YOUR ASSIGNMENT: Could you restate every entry word for word, minus the pictures?

>>

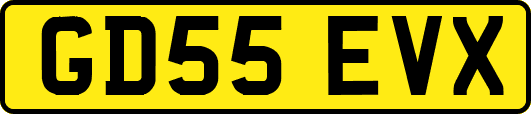 GD55EVX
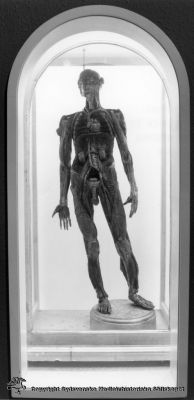Bild av moulage visande kroppens vener.
Anatomi. Kroppens vener.
Copyright Enquiries to the science museum, 2101/78/12. 
Nyckelord: Anatomi;Vener;Vensystemet;Moulage;Docka;Foto;Omonterat;Kapsel 07;Museum;Science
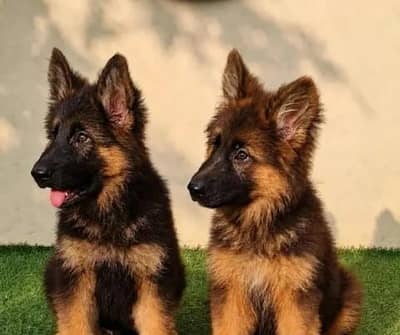 German Shepherd  Puppies 03456011805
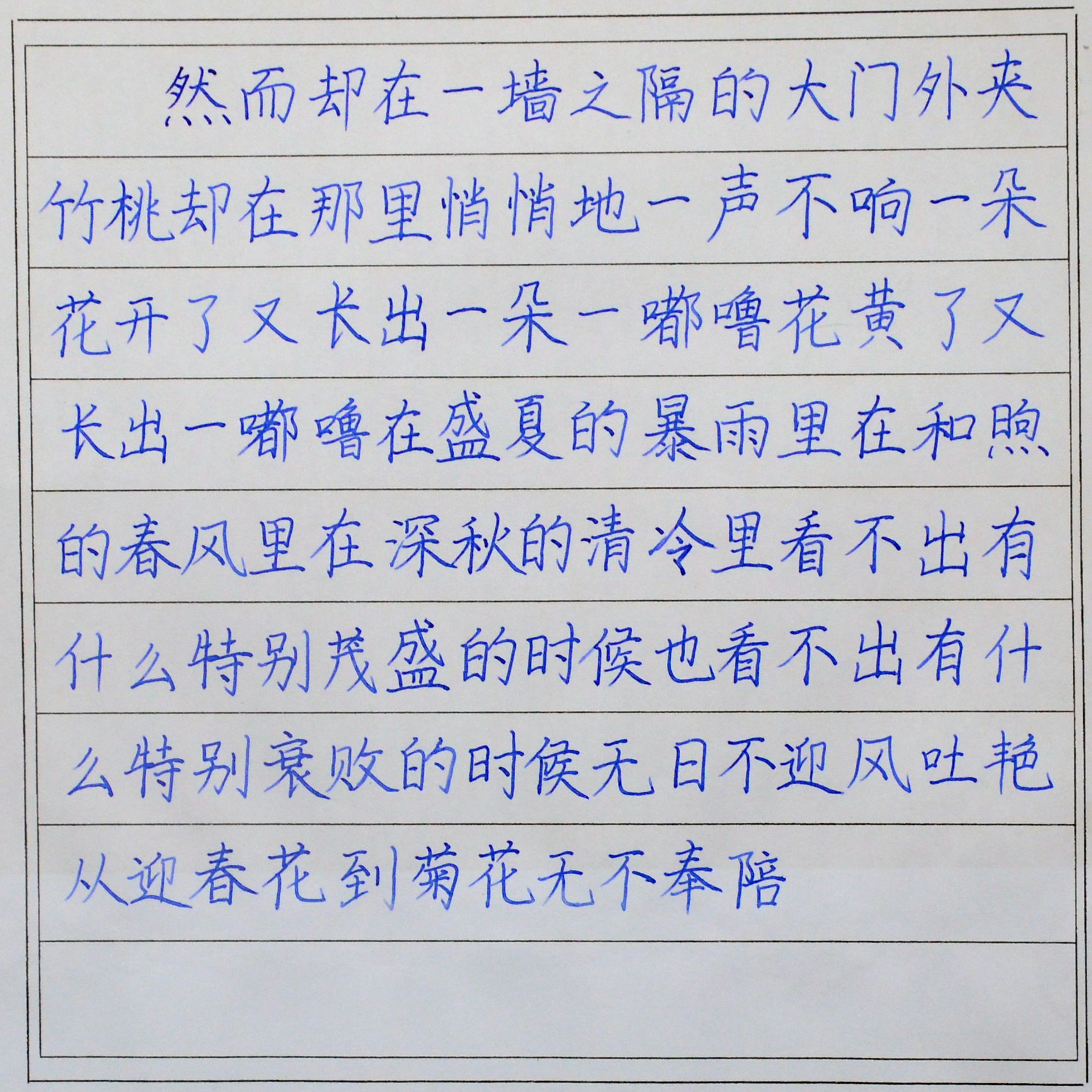 姓名：周乐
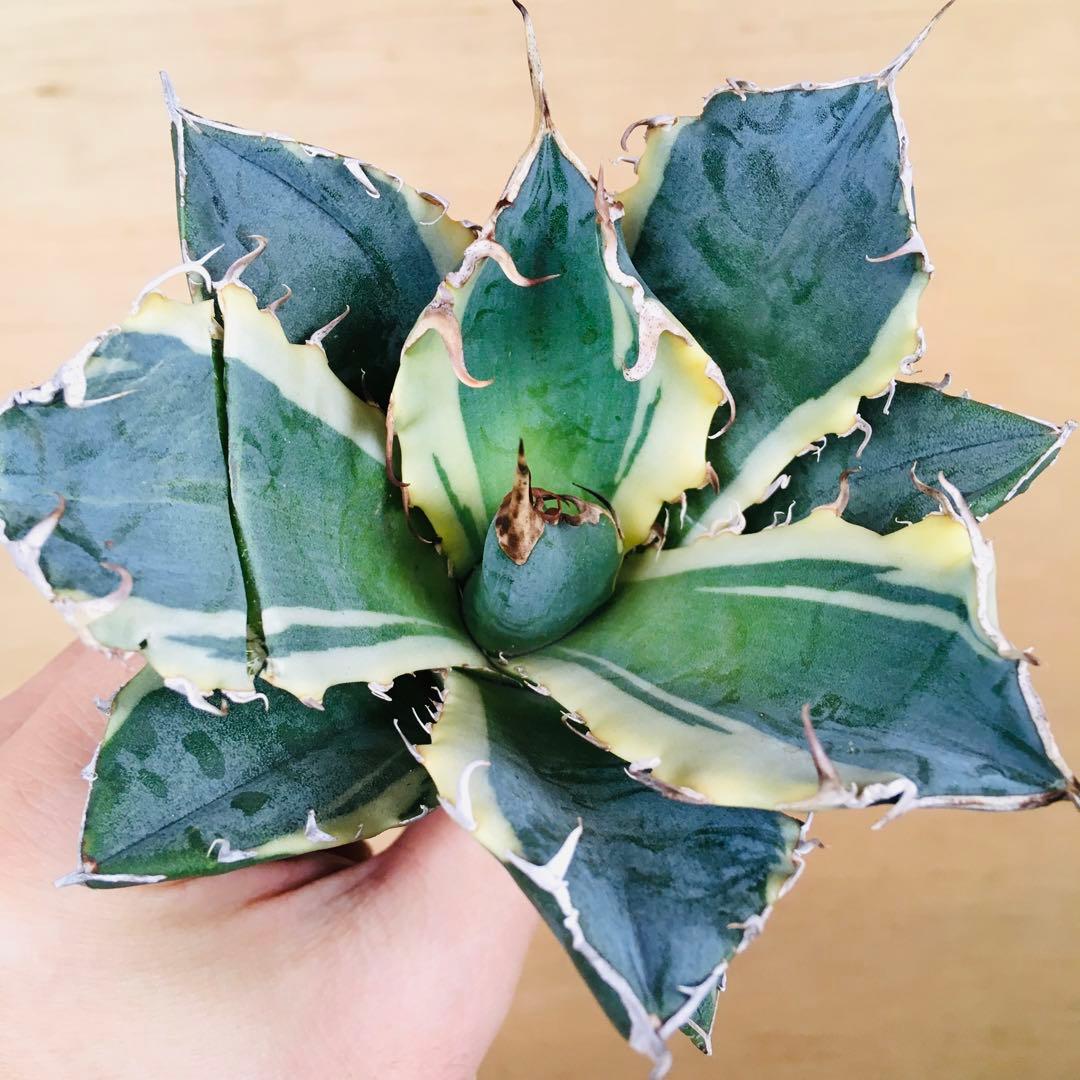 1 白鯨錦 クリーム覆輪斑 強棘 TC株 アガベ チタノタ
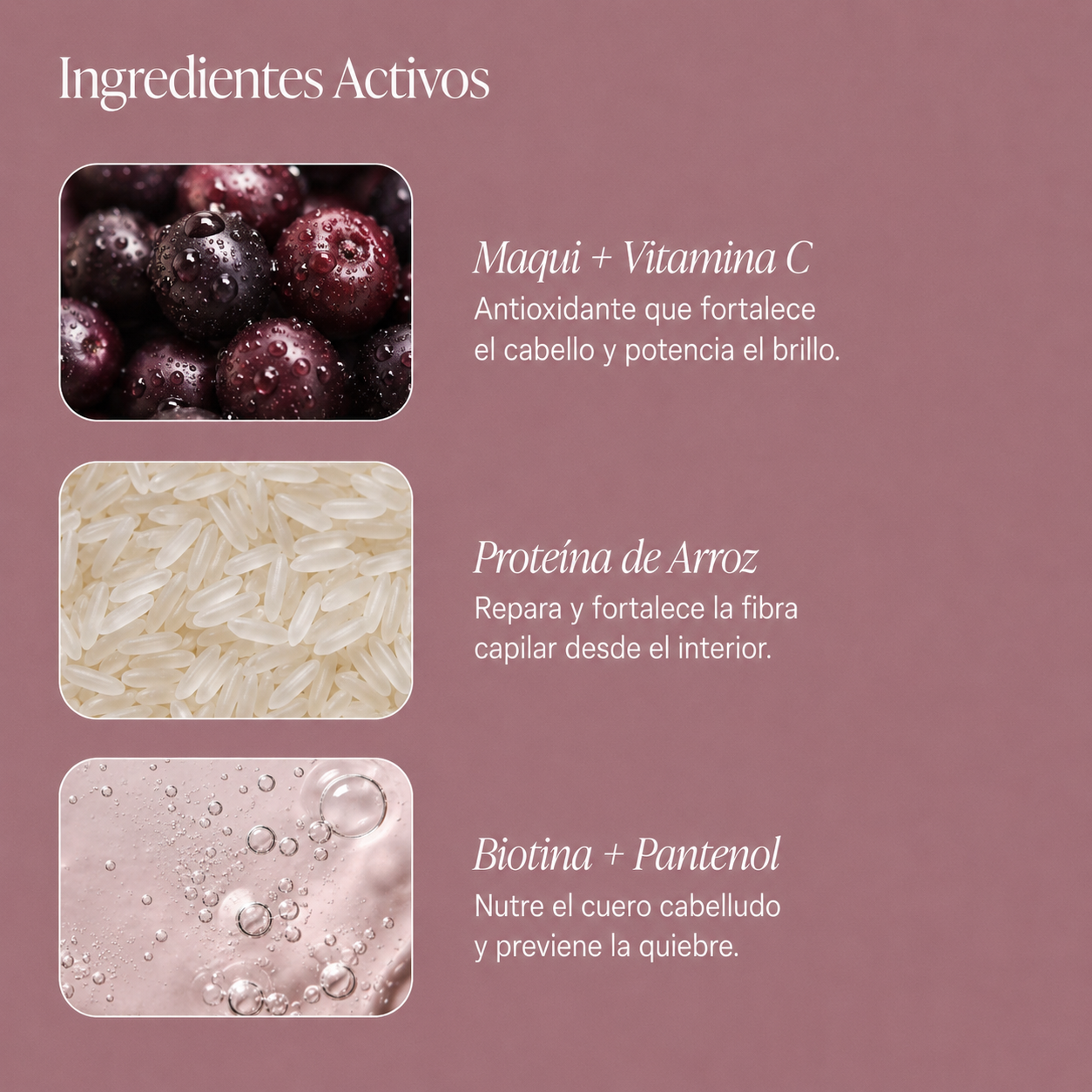 Shampoo Crecimiento Anti-quiebre Maqui + Vitamina C + Biotina + Panthenol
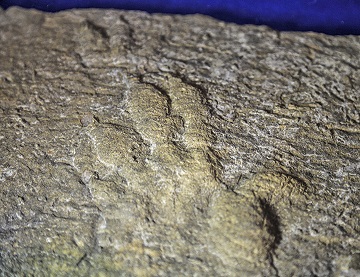 Chirotherium footprints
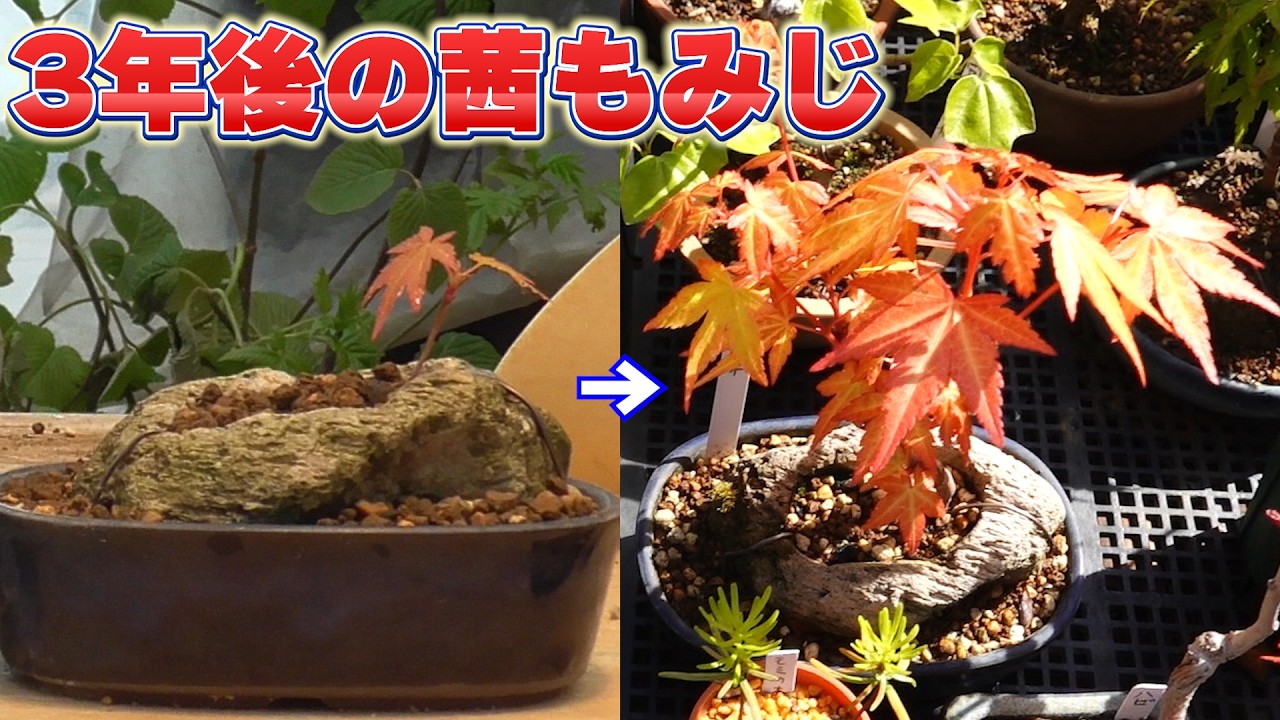 A Japanese maple tree three years after being propagated from a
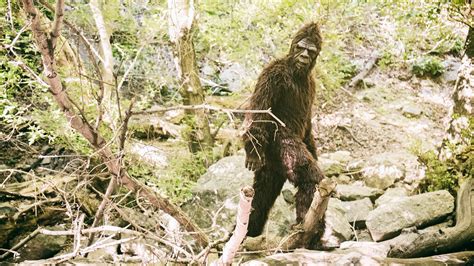 Man who fired gun in park was 'trying to kill Bigfoot'
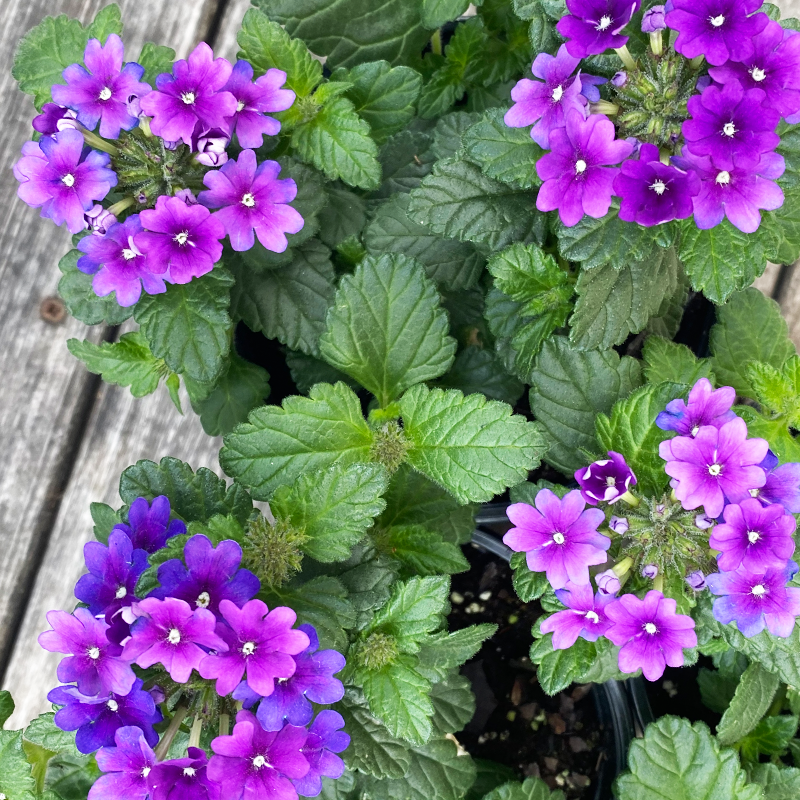 Verbena 'Vanessa Purple' 4"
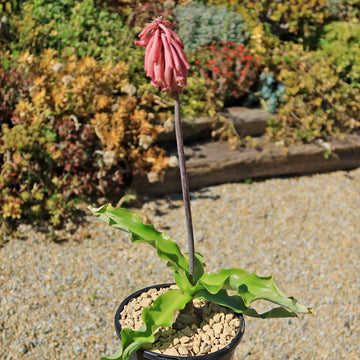 succulent forest Shop 'Veltheimia bracteata – Forest Lily' Care and Growing Guide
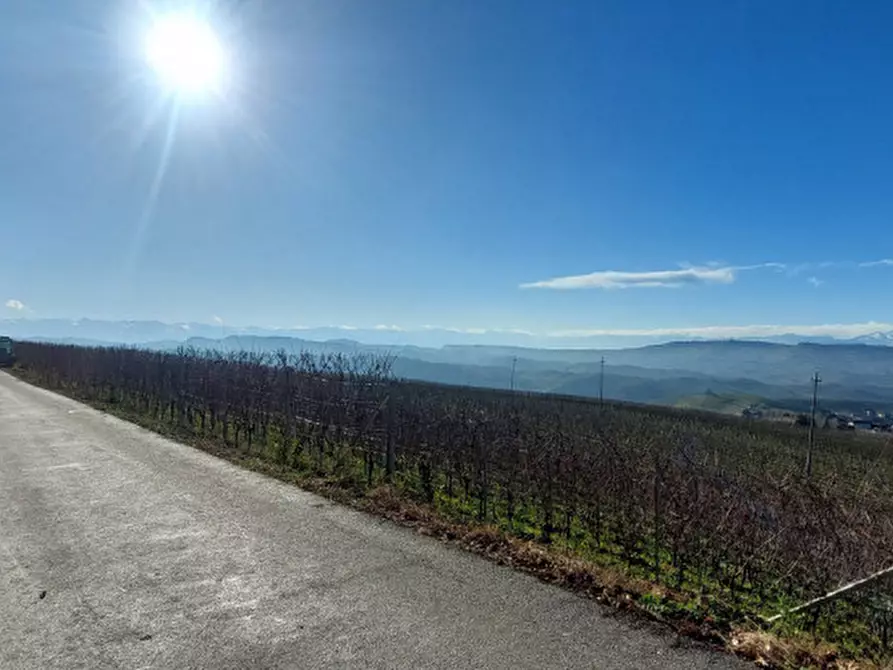 Immagine 43 di Villa in vendita  in Via Alba a Diano D'alba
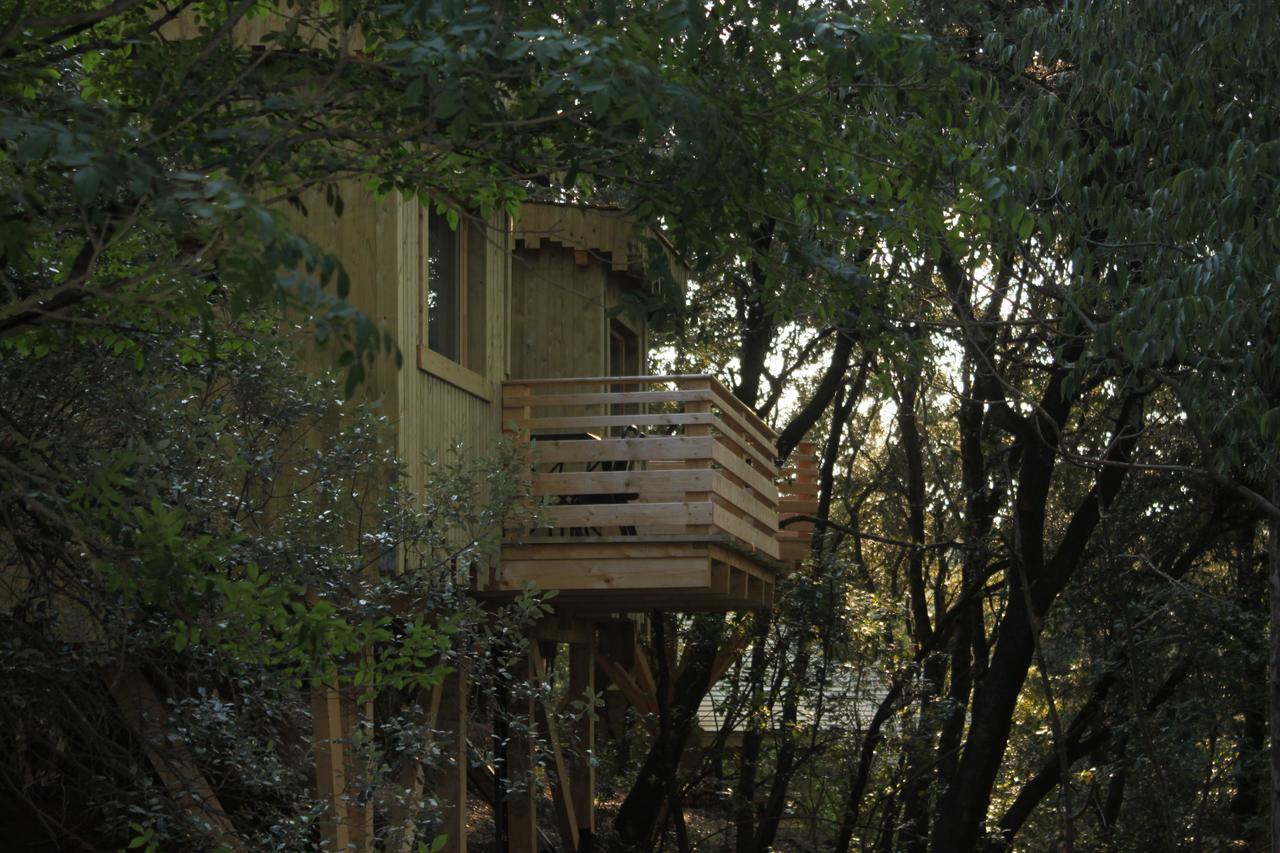 Les Cabanes Dans Les Bois Logis Hotel Villedubert Cameră foto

<<

WRITTEN REPLY:
 GD55EVX
Bild av moulage visande kroppens vener.
Anatomi. Kroppens vener.
Copyright Enquiries to the science museum, 2101/78/12. 
Nyckelord: Anatomi;Vener;Vensystemet;Moulage;Docka;Foto;Omonterat;Kapsel 07;Museum;Science
 German Shepherd  Puppies 03456011805
 姓名：周乐
 1 白鯨錦 クリーム覆輪斑 強棘 TC株 アガベ チタノタ
 Shampoo Crecimiento Anti-quiebre Maqui + Vitamina C + Biotina + Panthenol
 Chirotherium footprints
 A Japanese maple tree three years after being propagated from a
 Man who fired gun in park was 'trying to kill Bigfoot'
 Verbena 'Vanessa Purple' 4"
 succulent forest Shop 'Veltheimia bracteata – Forest Lily' Care and Growing Guide
 Immagine 43 di Villa in vendita  in Via Alba a Diano D'alba
 Les Cabanes Dans Les Bois Logis Hotel Villedubert Cameră foto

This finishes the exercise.